Controlling small wasps in a community of bees is next to impossible, after all a bee is just a vegetarian wasp. However, a few things can help.

  • Separate your mason bee houses as far as you can. The farther apart they are, the less chance of all of them becoming infected.

  • The female wasp searches for weak spots where she can insert her ovipositor, so the thicker and heavier the nesting material, the better. Although many mason beekeepers don’t like to use drilled blocks or tough bamboo tubes because of moisture problems, they do offer some resistance to parasitic wasps.

    • Take your mason bee tubes inside just as nesting starts to slow down. Don’t wait until nesting is totally finished because, if you do, the earliest mason bee cocoons will be ripe and ready for wasp predation before the last mason bees are done laying eggs.

      This may seem like a waste of mason bees but you’re just sacrificing some for the good of the majority. If you wait too late, you may lose all of them.

    • After you bring the tubes inside, cover them in fine mesh bags. These bags will let in oxygen and release water vapor, but they will keep the wasps from escaping and mating.

      If you check them every day or so, you can squeeze any wasps that are stuck inside the mesh.

    • At the normal time for sorting cocoons, say October through December, check each cocoon for soundness. A bee-filled cocoon will feel solid whereas a wasp filled cocoon will be light and soft. If you have a strong light source, you may be able to “candle” the cocoon and see shadowy creatures inside—either a bee or multiple wasp larvae.

    • Avoid “renting” mason bees or shipping them through the mail. Shipping and trading distribute bee diseases and parasites far and wide. Limit the number of mason bees that come and go from your property, keeping it as parasite-free as possible.

      Raising mason bees should be fun

      Indeed, mason bees are fun. But to keep them that way, you need to do a little extra work and a little advance planning. If you put in the time, you will be rewarded by healthy and plentiful mason bees for years to come.

      Rusty
      Honey Bee Suite

      This female Monodontomerus wasp inserts her ovipositor into the cocoons of mason bees to lay her eggs. On her tail end you can see the sheath that protects the ovipositor.
      This female parasitic wasp, Monodontomerus, lays her eggs inside the pupa of a cavity-nesting bee. The wasp larvae eat the bee pupa before pupating themselves. © Rusty Burlew.
      This male Monodontomerus has no sheath and no ovipositor.
      This is a male Monodontomerus. They are smaller than the females, and this one was nearly dead but still beautiful. Note that he has no sheath on his tail end because he has no ovipositor. © Rusty Burlew.

      9 Comments

      • The pictures are beautiful. The writing is fascinating. My reaction is EEWW. Pretty sure this is the plot of a SciFi Horror movie.
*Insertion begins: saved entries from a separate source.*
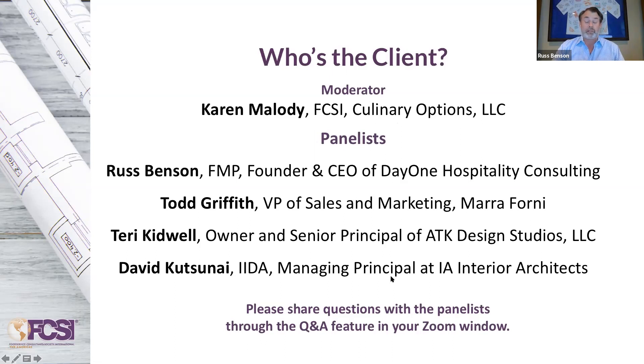Well, hello, Karen. First of all, everybody needs to know it's Karen Malady's birthday today — they're singing on mute! Karen, thanks for having me on the panel. My name is Russ Benson, founder and CEO of Day One Hospitality Consulting. Our firm assists clients with master planning, operator assessments, quality assurance assessments, guest experience analysis, and facilitation of RFPs to either source a new operator or retain the current operator. I've been on the consulting side for seven years. Prior to that, I was on the food service operator side for eight years, then a client liaison for 10 years, and then seven years of hotels and restaurants. I've sat in many different seats, and I'm glad to share my perspective today.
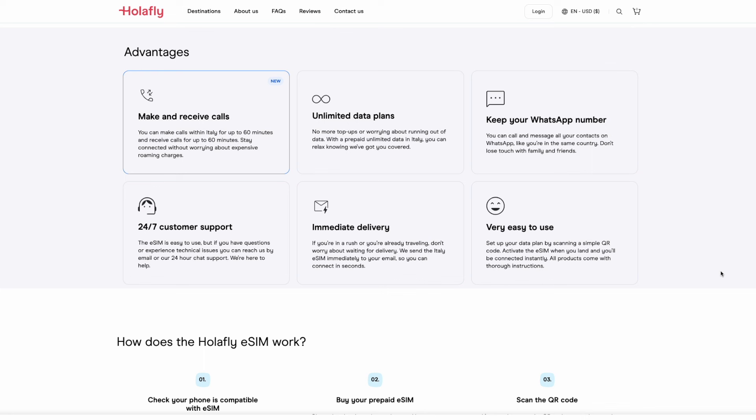One feature I often get asked about is local calling and texting. Aerolo, Simly, and many other apps don't support calls and SMS messages with their eSIMs, but Olifly now offers a local phone number and two hours of talk time with some of their unlimited plans, which is a great perk. Personally, I find it easier to use WhatsApp for calls and texts over my data connection while traveling, since it's really popular outside of the United States and almost everyone has it installed.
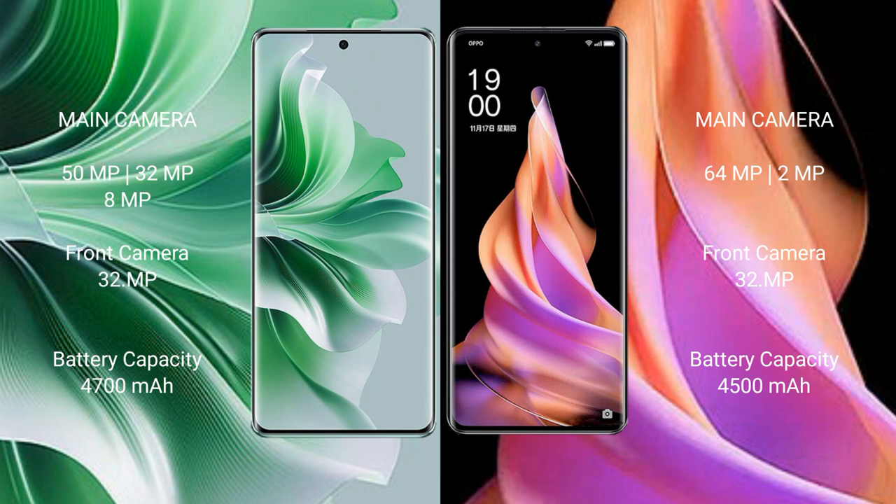The Oppo Reno 11 Pro has a 4700mAh battery with 80W fast charging support. The Oppo Reno 9 has a 4500mAh battery with 67W fast charging support.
        (Also, totally off topic, my surviving colony had pollen going in today. In February.)

        • Roberta,

          Thank you. These are some of my favorite pictures, I think because I took hours of blurry shots before I got anything halfway decent. Tiny doesn’t begin to describe them.

          Cool about your bees. It’s raining and cold here and my bees aren’t having any of it.

      • I really enjoy ALL your photography. These photos are lovely! I hope you’ll do a future blog post about your techniques.

      • Great blog post as always Rusty! Very informative. I shared with a friend, we raise, “husband” I guess you would say, mason bees. He recently had a health issue that he must rest for a week (a monumental task for him) so I told him of this blog and he is enjoying the posts. I wanted to share one memorable post you had from several years ago and I can’t seem to find it, I searched. You spoke of capturing bees in a handheld vac for observation….I’ll never forget it! Could you direct me to that post so that I may share it with my “reluctant to follow the doctor’s orders” friend? Thanks so much!